Мне не хватает Луиджи, и я рад признаться, что в долгу перед ним. Сотни раз мы разучивали партию Фигаро, тысячи раз медленно проходили особо трудные места… Потом все быстрее и быстрее — до тех пор, пока нужный темп не был достигнут. «О плутовка, все уж знает», «Мысль одна — добыть металла» и, наконец, «А, браво, Фигаро, браво, брависсимо»— с сумасшедшей скоростью. Мы работали сначала над небольшими кусками, а потом складывали все воедино — так раскрывалось перед нами изумительное творение Россини.

«Физика роли», молодой задор, элегантность — все эти качества, бесспорно, чрезвычайно важны. Стоит добавить к ним еще безупречный вокал, и нужное соответствие звука и образа будет достигнуто. Простенькая задачка, не так ли?! Для того чтобы достичь впечатляющей виртуозности, когда каждый звук подается с неподдельным блеском, от голоса требовалась прежде всего легкость. Я добился ее и с тех пор до самого ухода со сцены, если мне нужно было после какой-нибудь тяжкой партии привести голос в порядок, всегда тренировал его на каватине Фигаро. Советую так поступать всем баритонам.

«Севильский цирюльник», снятый в 1947 году, был вообще первым полнометражным фильмом-оперой. Кромешный ад войны только-только закончился. Мы все, худые (худые просто от голода), а потому легкие на подъем, нетерпеливые, рвались целиком отдаться своему делу. Мы жаждали вырваться из темницы, в которой нас так долго держали, и нам действительно удалось вырваться — на крыльях бессмертной музыки Россини. Прошло всего несколько месяцев, и имена Тито Гобби, Ферруччо Тальявини, Итало Тахо, Вито Де Таранто, Нелли Корради, постановщика Марио Косты стали известны всему свету. Этот первый фильм — он, естественно, был черно-белым — еще не сошел с экранов, когда мы сделали второй, цветной. В нем органично сочетались комедия Бомарше и музыка Россини, среди исполнителей были Никола Монти, Джулио Нери и я; Розину играла Ирэн Дженна, а за кадром звучал изумительный голос Лины Пальюги. В роли Бартоло снялся популярный венецианский актер Ческо Базеджо.

С 1816 года, когда он впервые был поставлен, «Цирюльник» доказал свою необычайную жизнеспособность. А ведь порой с ним обращались далеко не лучшим образом. Бывали времена, когда исполнителям предоставлялась сомнительная свобода и причуды на сцене они ставили себе чуть ли не в заслугу. Примадонны заливались, как канарейки, а действие стояло на месте. Басы, чтобы не отстать от других, занимались трюкачеством, как клоуны в цирке, а баритоны обеспечивали себе удобную жизнь тем, что пели едва ли половину той музыки, которую Россини для них написал.

Случалось, дирижеры ставили перед собой клавесин и во время речитативов бренчали на нем бесконечные арпеджио — видно, им очень не хотелось «выпускать действие из рук». Но тем не менее «Севильский цирюльник» и в наши дни остается шедевром, ничуть от всего этого не потускневшим, шедевром, который всегда отплатит с лихвой за любовное и бережное отношение к себе.

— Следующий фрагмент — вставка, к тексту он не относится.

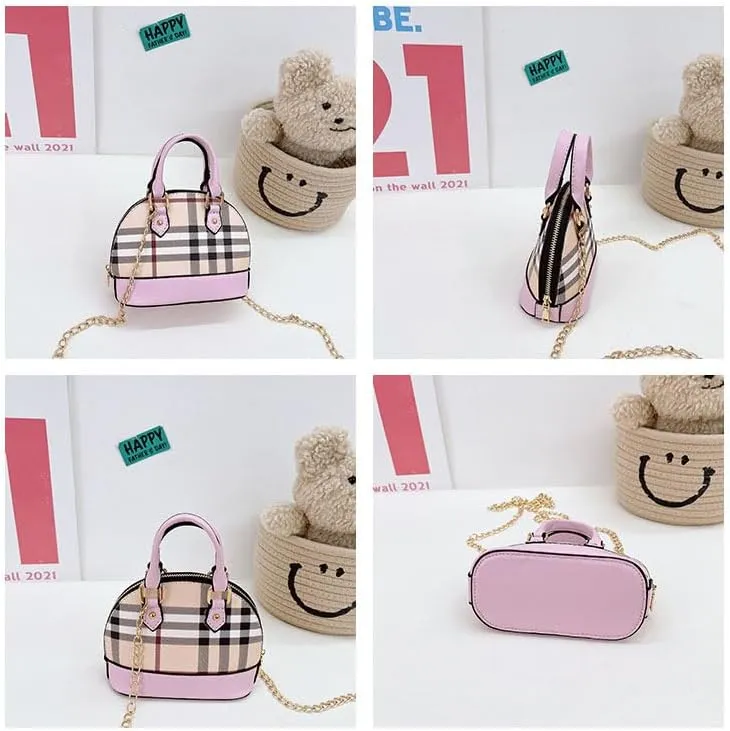 Cute Girl Mini Crossbody Kids Purse Toddler Shoulder Bag Handbag Birthday Gift Pretend Play Party Toy Holiday Christmas Gift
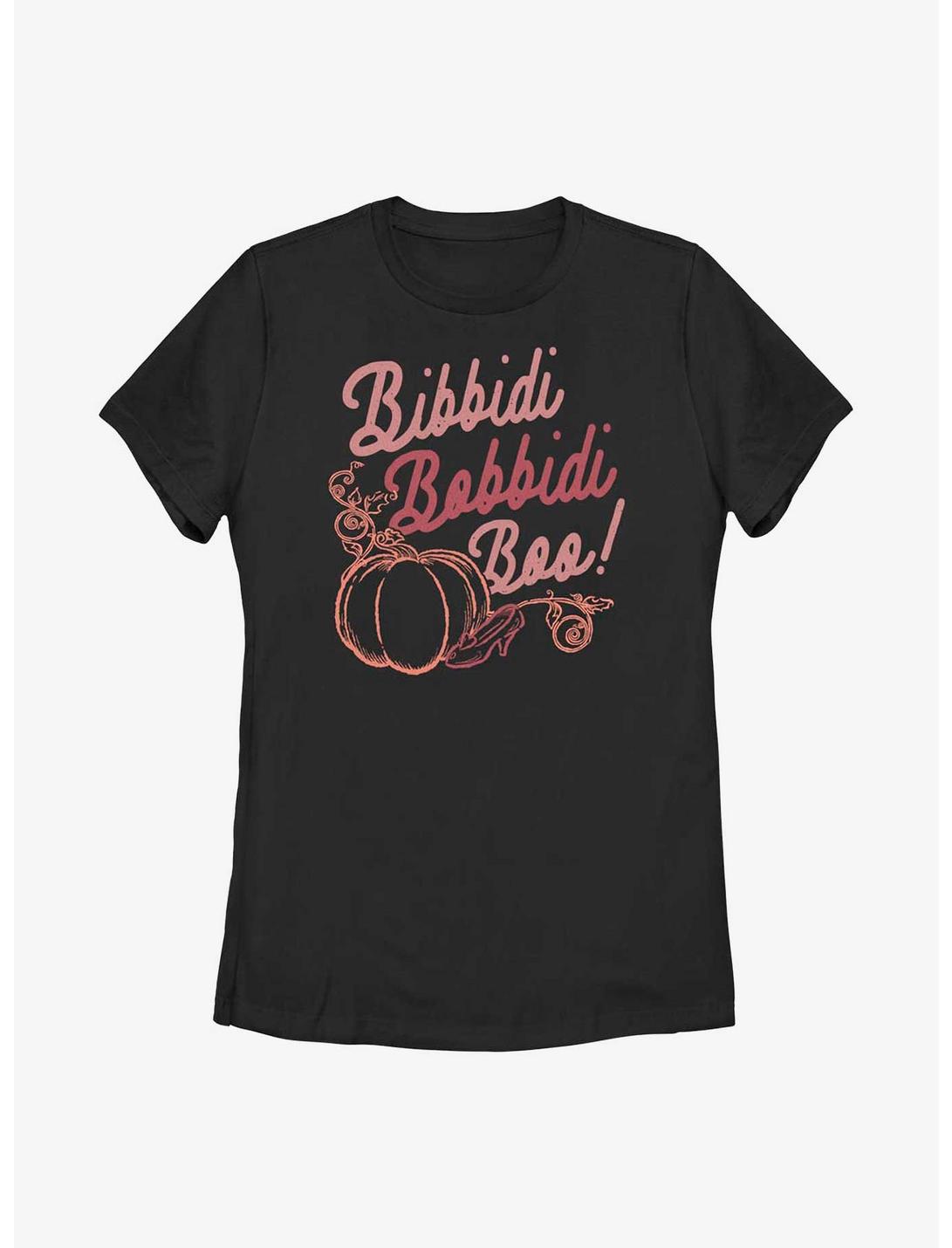 Disney Cinderella Bibbidi Bobbidi Boo! Pumpkin Womens T-Shirt, BLACK, hi-res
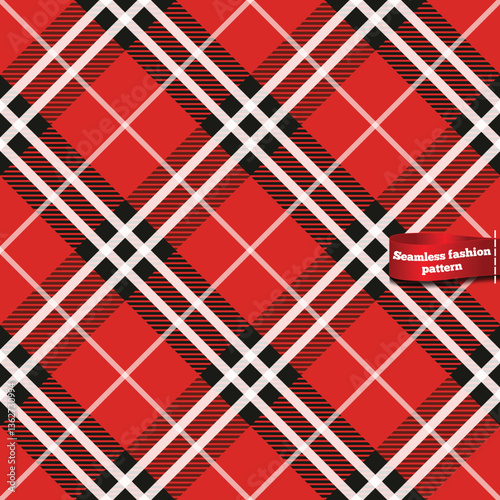 Seamless tartan fabric pattern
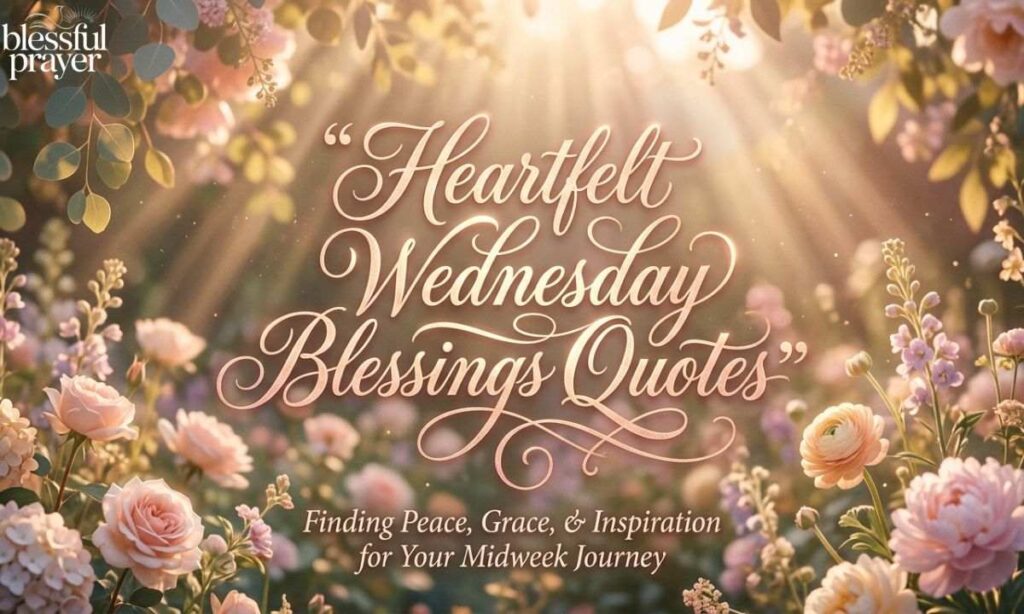 Heartfelt Wednesday Blessings Quotes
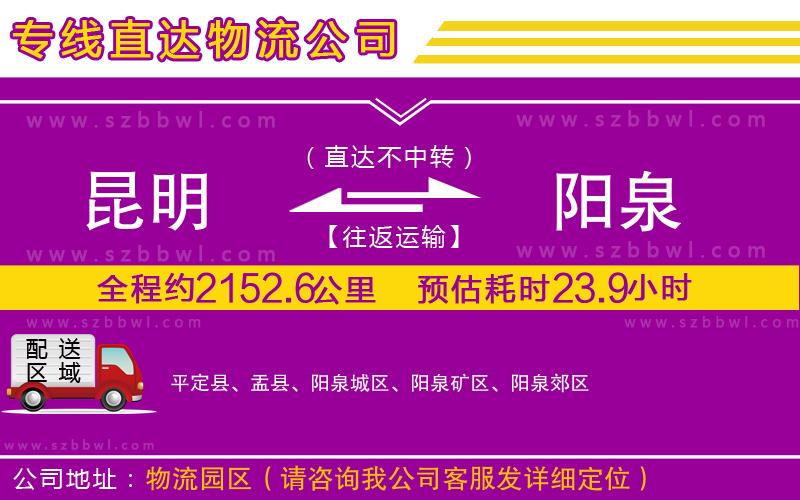 昆明到陽泉貨運專線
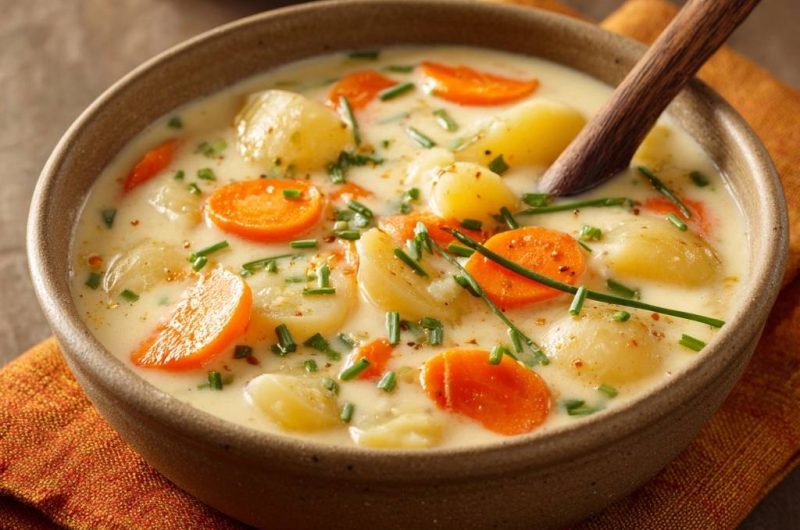 Cremige Kartoffel-Karottensuppe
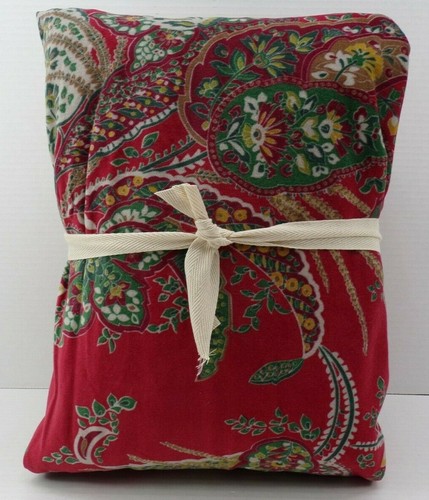Pottery Barn Adela Velvet Print Cotton Duvet Cover Full Queen Red #2290J - 第 1/4 張圖片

Это то произведение, которое певец, если только он почувствовал в себе хоть каплю усталости, сомнения, неуверенности, должен сразу же исключить из репертуара. Опера-буффа — вещь, требующая гораздо более серьезной работы, чем любая высокая драма: здесь нет возможности затушевать любой недостаток вокала. В то же время исполнитель должен строго держаться в рамках, предписываемых характером своего героя или героини, не поддаваясь искушению каким бы то ни было способом привлечь к себе особое внимание.